Taloyoak, Nunavut, gets ready for bowhead whale hunt

Hunters butcher a bowhead whale near Iqaluit last year. Taloyoak, Arctic Bay and Repulse Bay have been awarded bowhead whale hunts this year. Vincent Desrosiers/CBCHunters will have to cross Boothia Peninsula to find whales

People in Taloyoak, a community in Canada’s eastern Arctic  territory of Nunavut, will be going out to hunt a bowhead whale this summer for the first time in living memory.

Each summer, three Nunavut communities are given the chance to hunt a bowhead. Besides Taloyoak, Arctic Bay and Repulse Bay will also be organizing hunts this year.

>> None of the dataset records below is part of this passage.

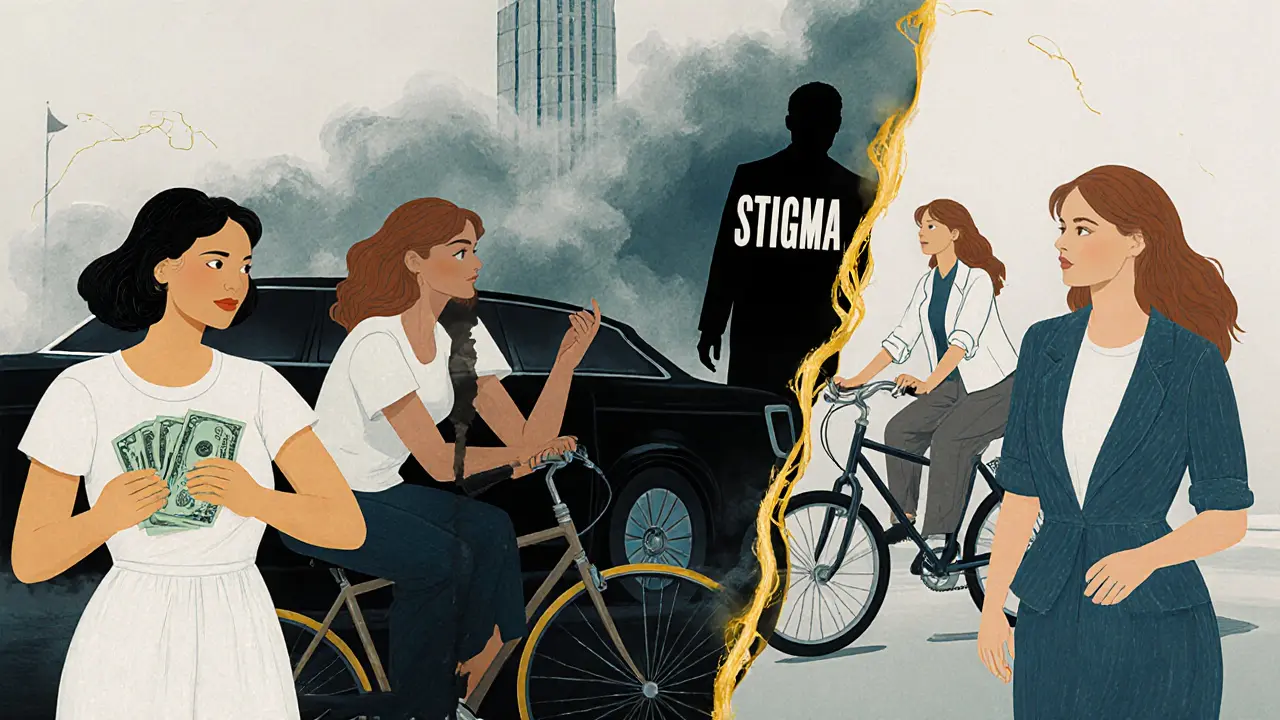 A fractured mirror shows four versions of a woman, connected by a golden thread of self-worth.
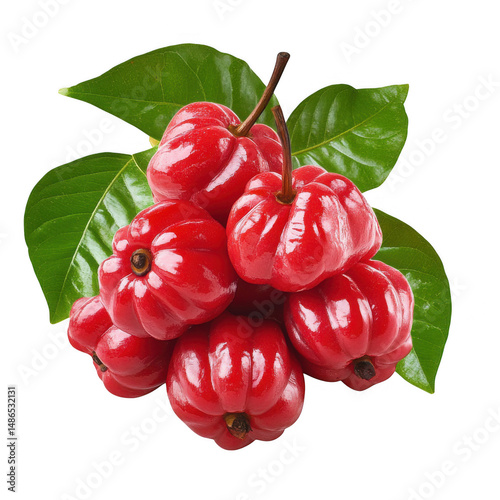 Pile of red pitanga fruit cutout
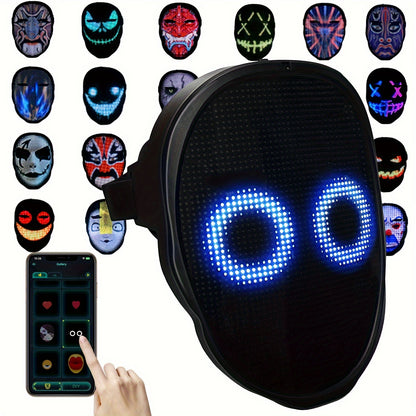 App-Controlled LED Face Mask with RGB & - Real-Time Light Effects, - Portable Party Mask for Adults, Halloween Costumes, Nightclub & Photo Shoots (Compatible with Smartphones)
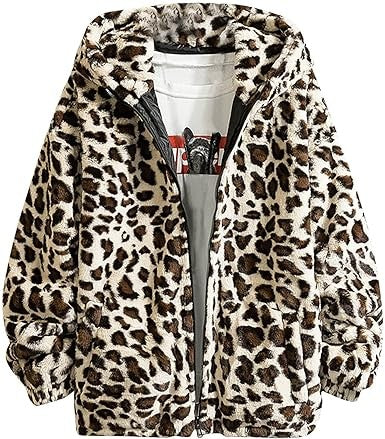 Men’s Zip-Up Leopard-Print Hooded Jacket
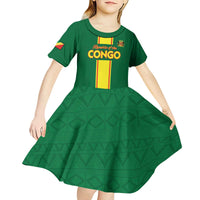 Custom Congo Brazzaville Football Kid Short Sleeve Dress Go Ba Diabulu ya Mbwaki Green Color - Wonder Print Shop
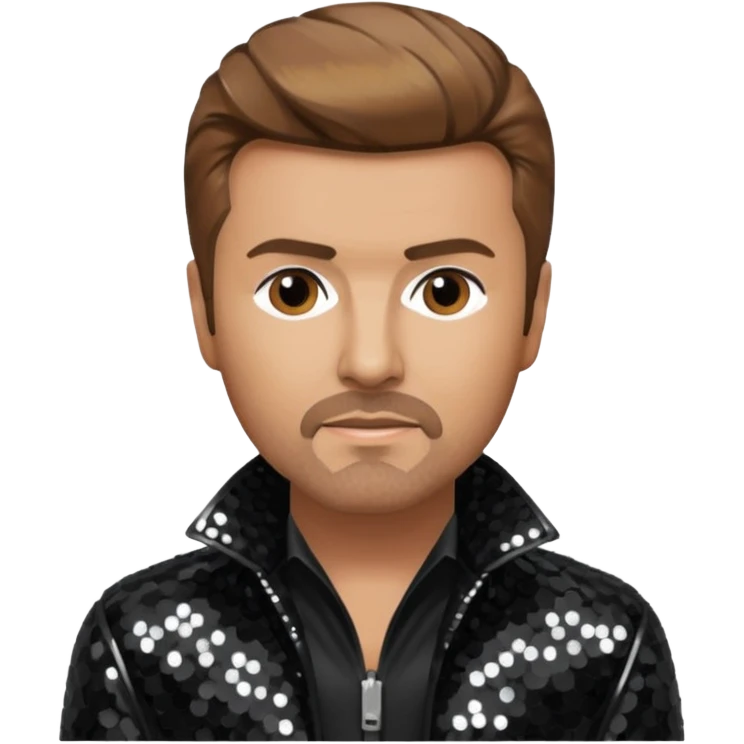 George Michael with light brown hair, black sequin jacket , white shirt emoji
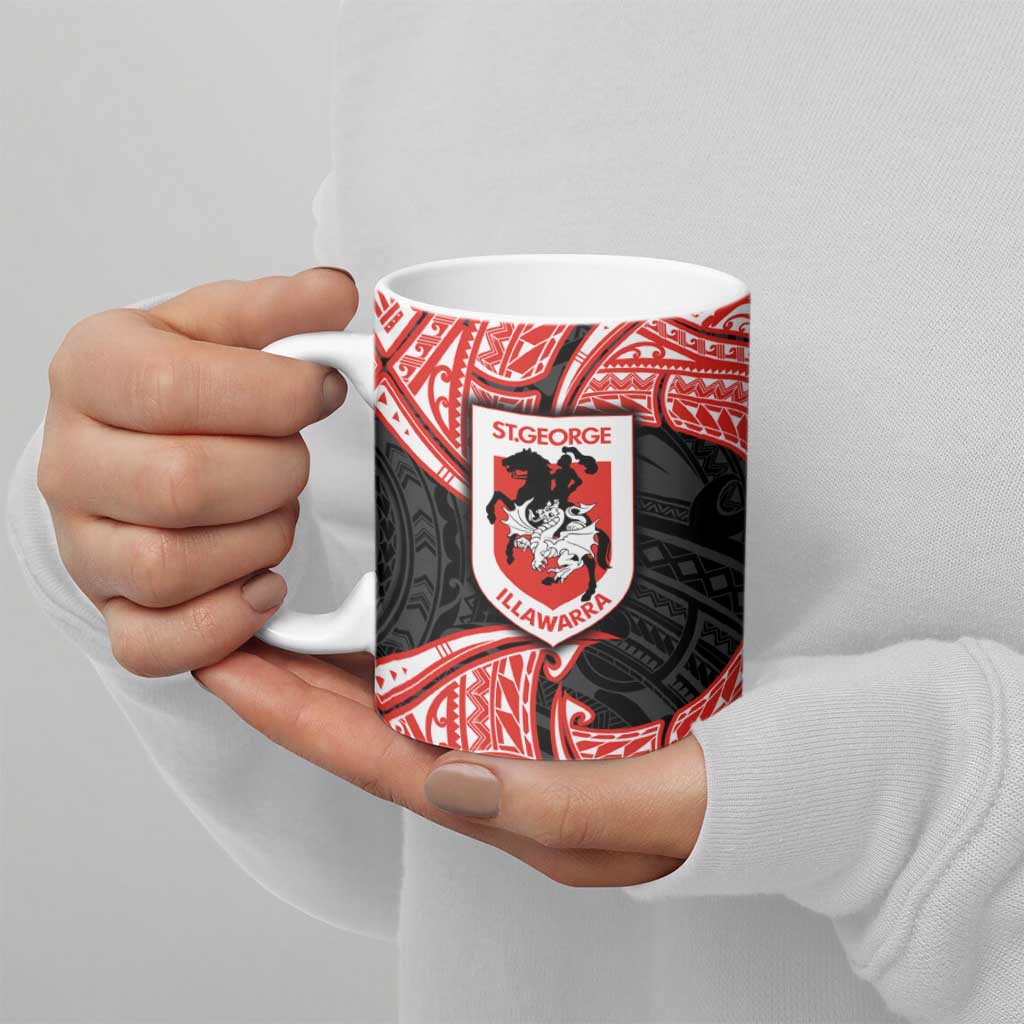 Personalized St. George Illawarra Dragons Ceramic Mug Polynesian Tribal Pattern Style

The hunt is generating a lot of excitement in Taloyoak, a predominatly Inuit community of approximately 899 people, but  hunt organizers still have some hurdles to overcome.

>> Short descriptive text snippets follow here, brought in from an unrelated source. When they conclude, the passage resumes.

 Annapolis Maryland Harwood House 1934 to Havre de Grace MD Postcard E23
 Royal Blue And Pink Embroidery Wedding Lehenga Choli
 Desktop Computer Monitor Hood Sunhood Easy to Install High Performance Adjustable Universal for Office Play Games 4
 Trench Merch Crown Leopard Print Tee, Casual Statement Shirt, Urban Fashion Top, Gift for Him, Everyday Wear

“We are trying to raise some money from various organization, because we cannot hunt whales in our bay, as there aren’t any, so we have to travel to the Gulf of Boothia where the bowhead whales are,” said Abel Aqqaq.

The 35-kilometre journey from Taloyoak across the Boothia Peninsula is expected to take at least a couple of days.

A hunt captain has been selected and he’s the only person in the community with any experience in hunting a bowhead.

The date to start the hunt hasn’t yet been set, but organizers hope to get out while the days are still long.

Long a staple of Inuit culture, the Eastern Arctic bowhead became severely depleted by centuries of commercial whaling, starting in the 1500s. They first came under legal protection in the 1930s.

In 2009, its listing was downgraded from a threatened species to a species of special concern, the least serious designation under the federal Species at Risk Act.